The reaction to the announcement—from both the left and right— has been generally negative. But the comittee was only following the lead of the American people. They may have given him the Nobel Prize despite doing nothing to deserve it—but we gave him the Presidency based on even fewer accomplishments.

My favorite part of the announcement, though, is finding that he was nominated for the Peace Prize before he had been in office two weeks. According to the  Washington Post : “Though Obama’s name surfaced early among contenders, the announcement astonished observers—drawing gasps from the audience in Oslo — in part because Obama assumed office less than two weeks before the Feb. 1 deadline for nominations.”

Here are some other noteworthy reactions to the news:

The Times of London : “Rarely has an award had such an obvious political and partisan intent. It was clearly seen by the Norwegian Nobel committee as a way of expressing European gratitude for an end to the Bush Administration, approval for the election of America’s first black president and hope that Washington will honour its promise to re-engage with the world. Instead, the prize risks looking preposterous in its claims, patronising in its intentions and demeaning in its attempt to build up a man who has barely begun his period in office, let alone achieved any tangible outcome for peace.”

Mark Halperin : “Obama has been in office less than a year, and has few tangible accomplishments deriving from the speeches he has given or the preliminary talks his young government has engaged in. And the award comes at a time in which Obama’s role as a war president—in Afghanistan—is front and center. It isn’t quite as inexplicable as Marisa Tomei’s Best Supporting Actress Oscar, but it seems pretty close.”

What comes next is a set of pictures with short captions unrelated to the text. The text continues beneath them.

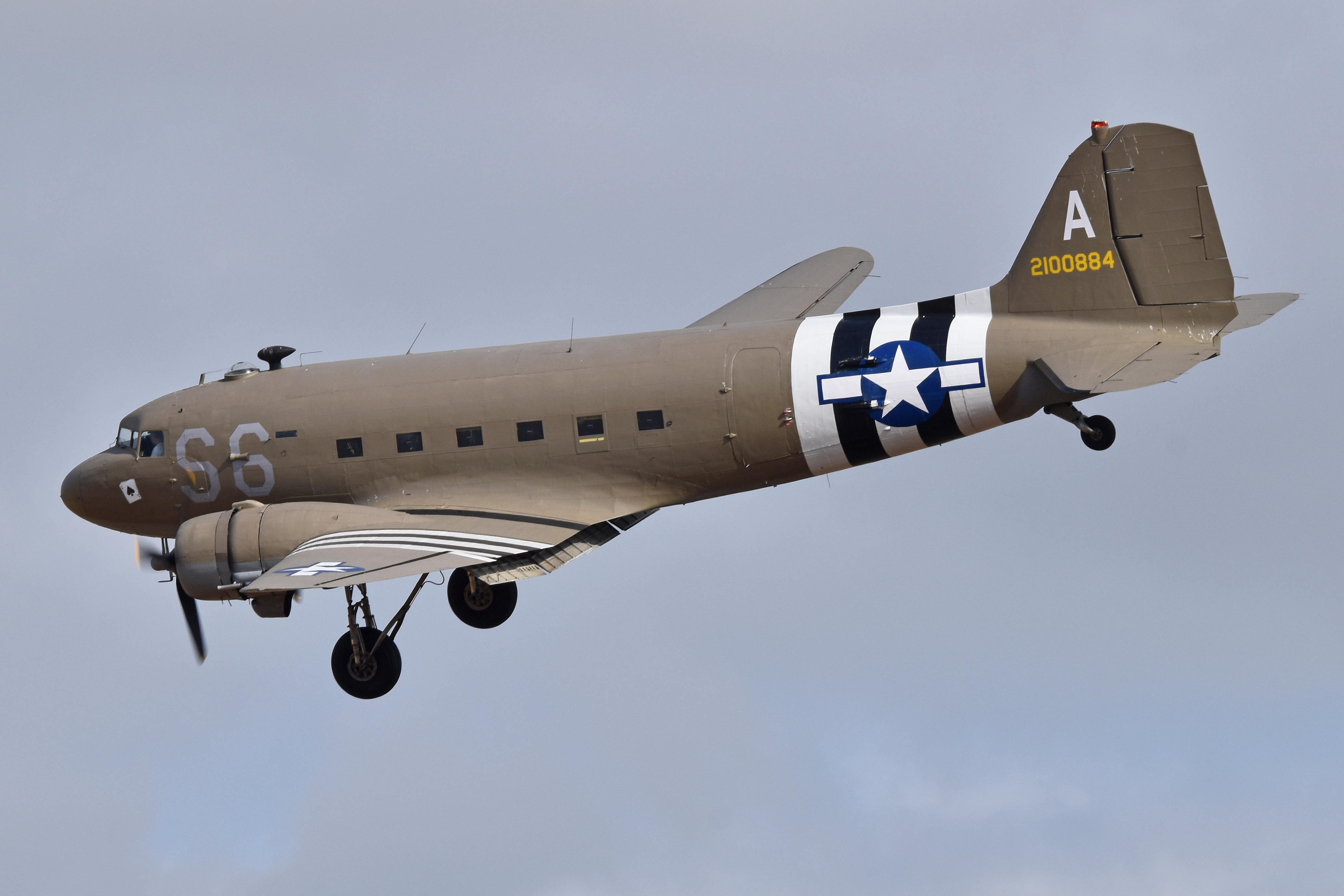 File:Douglas C-47A-75-DL Skytrain '2100884 - S6-A' (N147DC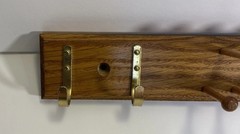 VTG SOLID OAK WALL/DOOR MOUNTED, 24 PEG/4 BRASS HOOKS TIES/SCARVES/BELTS ORGNZR.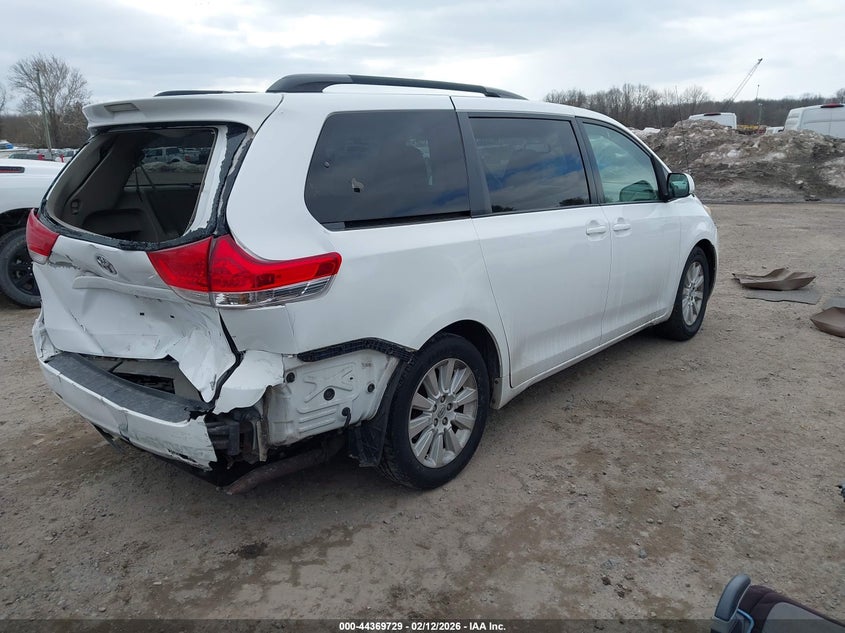 2014 Toyota Sienna Xle 7 Passenger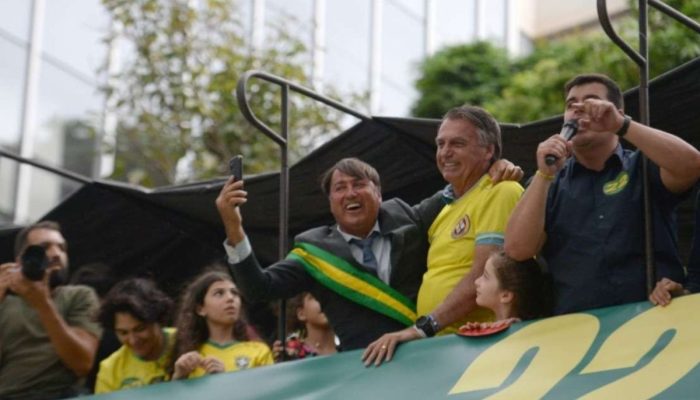 Protesto contra Lula em Copacabana com presença de Bolsonaro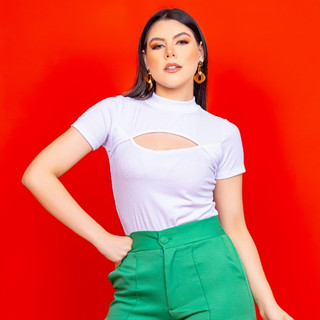 Blusa Gola Alta Com Recorte Cut Out Frontal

Vox Day : “What on Earth can they possibly be thinking? The man hasn’t even ended the two military occupations he promised to end!”

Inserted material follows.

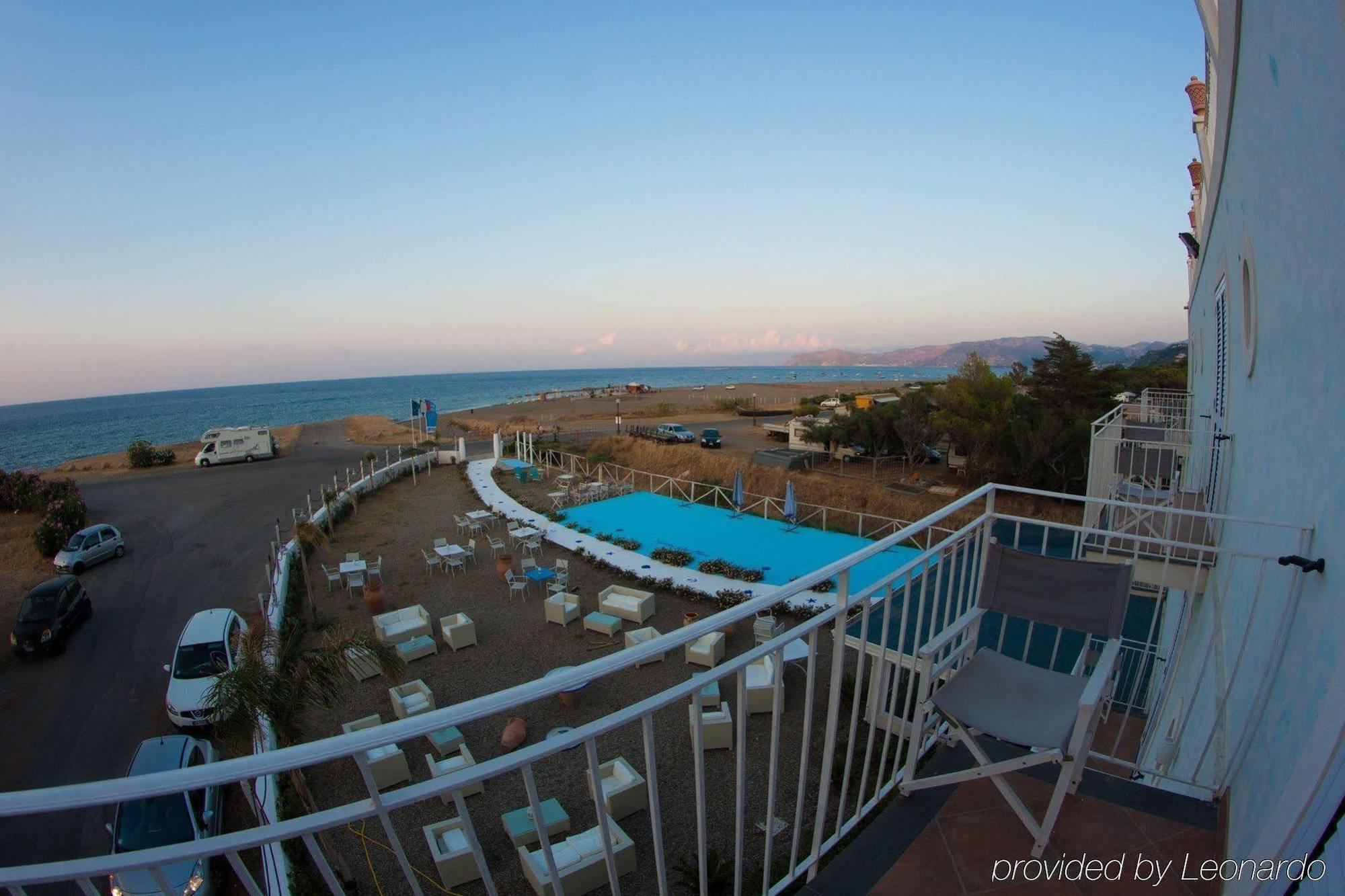 Hôtel Yachting Club Mare à Patti Extérieur photo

Fred Thompson : “Shouldn’t the Nobel Peace Prize have a higher bar than high expectations?”

Peter Beinart : “I like Barack Obama as much as the next liberal, but this is a farce. He’s done nothing to deserve the prize. Sure, he’s given some lovely speeches and launched some initiatives—on Iran, Israeli-Palestinian peace, climate change and nuclear disarmament—that might, if he’s really lucky and really good, make the world a more safe, more just, more peaceful world. But there’s absolutely no way to know if he’ll succeed, and by giving him the Nobel Prize as a kind of “atta boy,” the Nobel Committee is actually just highlighting the gap that conservatives have long highlighted: between Obamamania as global hype and Obama’s actual accomplishments.”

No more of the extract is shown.